Pando

Billguard was the first to notify many affected consumers of the USPS security breach

By Michael Carney , written on November 11, 2014

From The News Desk

Less than a week ago I was singing the praises of Billguard as a crucial line of defense for consumers concerned with payment fraud in today’s climate of prolific corporate hacking. Right on cue today I received an email from the company backing up that very assertion.

As you may have read yesterday, the United States Postal Service (USPS) was recently the victim of a cybersecurity breach – they were hacked, maybe by China – resulting in the exposure of personal information of the government agency’s 800,000 employees and an unknown number of consumers.

Sadly, revelations of major corporate hacks have become commonplace, and most consumers (myself included) simply brush them off without much of a second thought. This was the case for me when I read headlines of the USPS attack. It’s potentially notable from a nation-state-level espionage perspective, but being that I’m not an employee of the USPS and I have little day to day interaction with what I view as a dying organization, I had no reason to believe this particular incident affected me directly.

So, about that email.

I awoke this morning to an email from Billguard alerting me that I had, in fact, used a credit card at a USPS branch during the period affected by the breach. This was news to me. It turns out that I was on vacation a few months ago and had to send a package home. I had completely forgotten about this. Fortunately, while it will likely take months for the USPS – or any other merchant in a similar scenario – to contact affected consumers, Billguard had an email in my inbox within 24 hours of the breach announcement.

Billguard sent the same email to a total of 113,240 affected users who had payment card charges from the USPS during the period in question, according to VP of Marketing, Mick Weinstein. It turns out that the nature of this particular breach means it likely only affected consumers who had contacted USPS customer service during the period in question – I didn’t – and is unlikely to have compromised payment details around non-customer service transactions. But without knowing which of its users were affected, Billguard proceeded to notified all of its users who had made payments.

“We don't know how many of [these 113k users may be affected], but we thought it was important for everyone to get a heads up, since it's usually weeks or months before the merchant gets around to contacting affected customers – if they do at all,” Weinstein said by email. “BillGuard is almost always the first to contact customers of a breached retailer, in time for them to take the most important action they can take right away: checking their accounts carefully for anything they don't recognize.”

This is not the first time that Billguard has served as the first notification to many consumers that their payment credentials may have been breached. The company keeps a running list of prior breaches, the number of affected users notified, and customer testimonials speaking to their first line of defense status. These incidents including the recent Staples breach (45,173 Billguard users), K-Mart (14,665 users), JP Morgan Chase (108,243 users), Home Depot (97,582 users), Dairy Queen (38,883 users), UPS (21,894 users), and Albertsons (17,259 users)

So if you aren’t sufficiently scared straight from ever trusting a merchant with your credit card information again, hopefully you’re at least reminded that being vigilant about your account activity is essential. As Billguard demonstrated today, its toolset and service is among the best options available for this purpose. As an aside, the above stats are as good of an endorsement of Apple Pay or Bitcoin, and against CurrentC as any.

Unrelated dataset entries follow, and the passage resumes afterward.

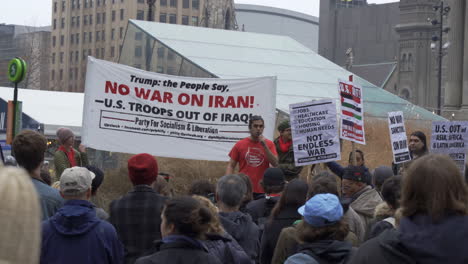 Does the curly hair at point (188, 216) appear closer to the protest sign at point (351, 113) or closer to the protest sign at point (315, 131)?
the protest sign at point (315, 131)

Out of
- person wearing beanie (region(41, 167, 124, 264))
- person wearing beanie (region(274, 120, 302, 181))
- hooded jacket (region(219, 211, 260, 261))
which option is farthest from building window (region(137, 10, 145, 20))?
person wearing beanie (region(41, 167, 124, 264))

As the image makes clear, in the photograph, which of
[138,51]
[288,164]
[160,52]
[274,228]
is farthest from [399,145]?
[138,51]

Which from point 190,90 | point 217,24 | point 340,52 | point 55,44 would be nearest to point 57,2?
point 55,44

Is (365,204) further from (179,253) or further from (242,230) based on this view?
(179,253)

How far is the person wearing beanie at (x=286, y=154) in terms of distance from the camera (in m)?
10.2

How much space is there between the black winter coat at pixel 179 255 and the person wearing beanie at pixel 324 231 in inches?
20.6

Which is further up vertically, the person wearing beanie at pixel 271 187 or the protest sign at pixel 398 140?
the protest sign at pixel 398 140

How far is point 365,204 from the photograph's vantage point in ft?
24.3

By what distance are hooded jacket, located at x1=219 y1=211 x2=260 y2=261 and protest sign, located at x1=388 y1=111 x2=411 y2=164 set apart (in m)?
6.20

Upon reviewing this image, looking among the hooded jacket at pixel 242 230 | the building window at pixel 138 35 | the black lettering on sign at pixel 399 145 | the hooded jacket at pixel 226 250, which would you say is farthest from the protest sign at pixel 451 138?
the building window at pixel 138 35

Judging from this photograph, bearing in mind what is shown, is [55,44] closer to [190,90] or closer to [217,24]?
[217,24]

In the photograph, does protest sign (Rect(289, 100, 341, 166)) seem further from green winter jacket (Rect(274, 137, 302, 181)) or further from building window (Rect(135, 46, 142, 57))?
building window (Rect(135, 46, 142, 57))

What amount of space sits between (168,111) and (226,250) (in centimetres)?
714

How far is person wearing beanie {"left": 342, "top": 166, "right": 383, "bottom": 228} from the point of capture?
740 centimetres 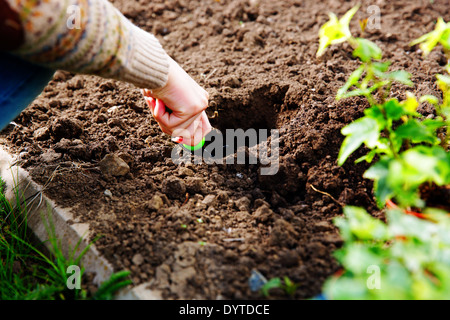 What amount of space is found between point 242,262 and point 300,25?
2.11m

One of the most persistent myths keeping consumers vulnerable is the belief that banks catch the majority of payment fraud. The reality is that they miss more than half of known fraud (and by default, 100 percent of unknown fraud) according to Billguard.

“The only thing you can do is be super vigilant and use tools that help,” Weinstein says.

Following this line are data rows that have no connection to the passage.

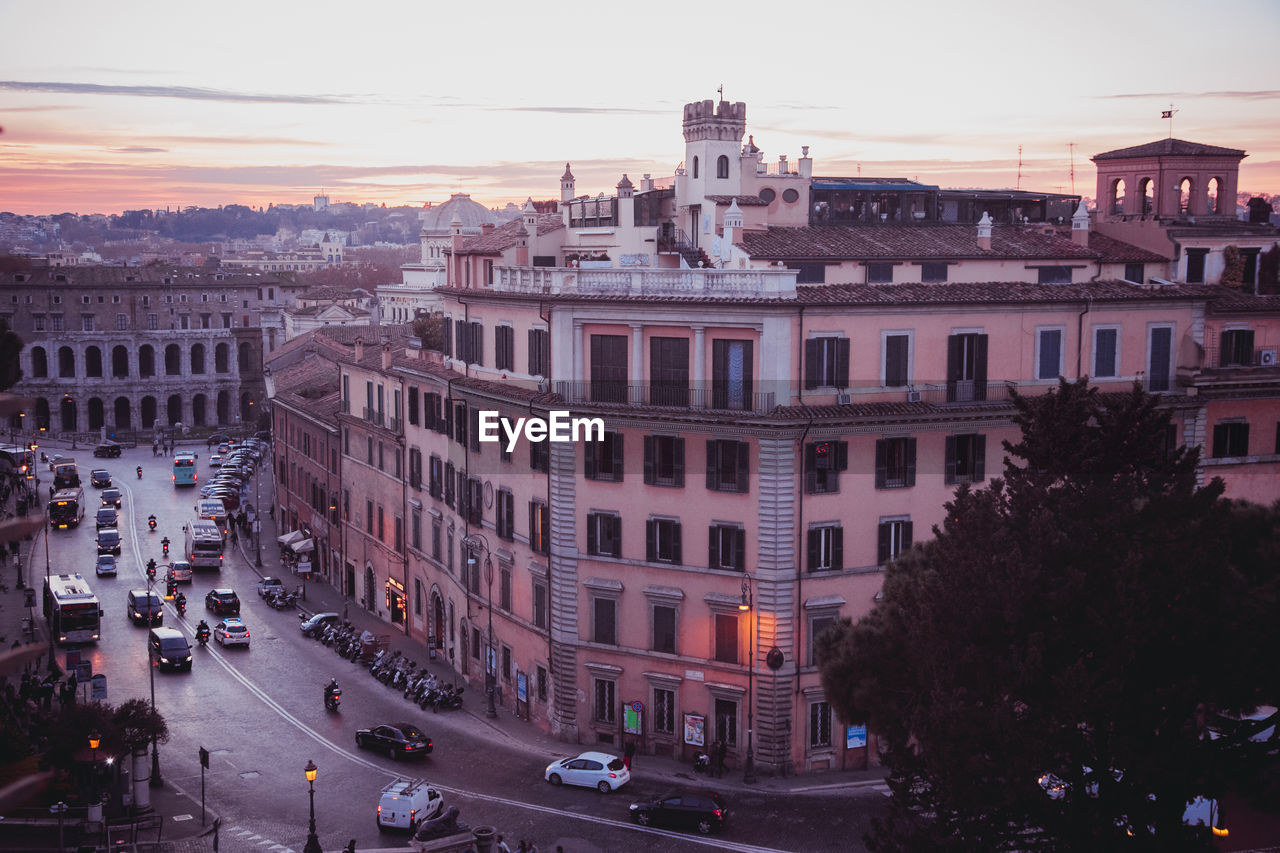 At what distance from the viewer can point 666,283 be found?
1757 inches

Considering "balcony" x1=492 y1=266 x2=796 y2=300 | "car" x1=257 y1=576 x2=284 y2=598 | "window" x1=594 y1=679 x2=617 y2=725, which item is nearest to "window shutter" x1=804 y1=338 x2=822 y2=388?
"balcony" x1=492 y1=266 x2=796 y2=300

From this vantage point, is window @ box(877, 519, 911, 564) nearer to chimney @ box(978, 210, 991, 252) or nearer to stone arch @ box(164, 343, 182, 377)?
chimney @ box(978, 210, 991, 252)

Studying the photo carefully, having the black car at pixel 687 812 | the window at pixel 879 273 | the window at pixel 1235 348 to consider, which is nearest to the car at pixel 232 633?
the black car at pixel 687 812

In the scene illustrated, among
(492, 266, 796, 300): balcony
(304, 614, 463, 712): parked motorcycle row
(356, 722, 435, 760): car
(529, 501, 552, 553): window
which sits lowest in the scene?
A: (304, 614, 463, 712): parked motorcycle row

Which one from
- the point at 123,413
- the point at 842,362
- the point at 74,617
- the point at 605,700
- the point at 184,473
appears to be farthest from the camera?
the point at 123,413

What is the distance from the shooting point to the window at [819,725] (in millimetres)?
43906

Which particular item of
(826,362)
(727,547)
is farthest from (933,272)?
(727,547)

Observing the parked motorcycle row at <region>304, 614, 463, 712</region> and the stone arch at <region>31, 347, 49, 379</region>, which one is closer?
the parked motorcycle row at <region>304, 614, 463, 712</region>

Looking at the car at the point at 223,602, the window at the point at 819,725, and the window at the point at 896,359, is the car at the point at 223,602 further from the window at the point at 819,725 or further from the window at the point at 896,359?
the window at the point at 896,359

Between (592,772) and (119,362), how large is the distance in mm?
129244

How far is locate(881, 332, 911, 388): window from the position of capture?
4462cm

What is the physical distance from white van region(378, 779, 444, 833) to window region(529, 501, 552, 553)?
10.2 meters

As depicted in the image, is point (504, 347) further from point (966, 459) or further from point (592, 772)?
point (966, 459)

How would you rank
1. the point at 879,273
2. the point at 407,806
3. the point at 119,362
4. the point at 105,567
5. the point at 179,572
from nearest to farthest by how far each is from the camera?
the point at 407,806, the point at 879,273, the point at 179,572, the point at 105,567, the point at 119,362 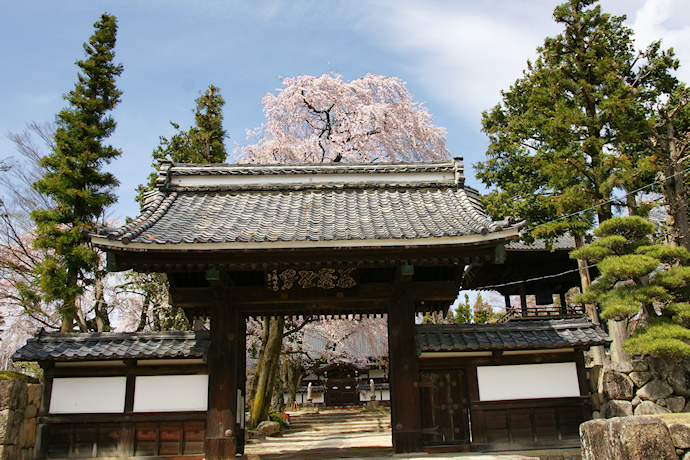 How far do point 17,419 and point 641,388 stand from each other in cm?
943

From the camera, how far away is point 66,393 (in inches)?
305

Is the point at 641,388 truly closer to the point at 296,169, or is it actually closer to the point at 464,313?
the point at 296,169

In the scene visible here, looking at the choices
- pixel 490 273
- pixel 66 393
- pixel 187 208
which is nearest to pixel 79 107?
pixel 187 208

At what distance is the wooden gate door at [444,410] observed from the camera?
8.05 meters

Read the full Billguard data breach email notification below:

We’re reaching out to notify you that a large data breach has taken place at the U.S. Postal Service (USPS) during a period when you made at least one transaction at a USPS online store or at a post office.

The data breach apparently did not affect payment card info, but if you contacted USPS's customer support before or after your transaction(s), your personal information may have been exposed.

The USPS disclosed yesterday that hackers gained access to its IT systems from the beginning of this year to mid-August. The data breach exposed particularly sensitive information on USPS employees, and the hackers also gained access to names, addresses, phone numbers and emails for 2.9 million USPS customers who contacted its customer support centers by email or phone.

Read more about the USPS data breach on CNN or our blog.

What to do now?

  1. Don't panic - usually, most consumers are not hurt by a data breach.
  2. Be on the lookout for fake emails, letters and phone calls asking for personal information. This is often used by crooks to supplement the information from a data theft, to perpetrate identity theft.
  3. Review your credit and/or debit card transactions closely in BillGuard: Click here
If you see a suspicious charge, flag it in BillGuard to contact the merchant and helpBillGuard better protect you and others.

If you suspect your card has been used fraudulently, contact your card issuer (typically your bank) immediately. The contact number appears on the back of the card.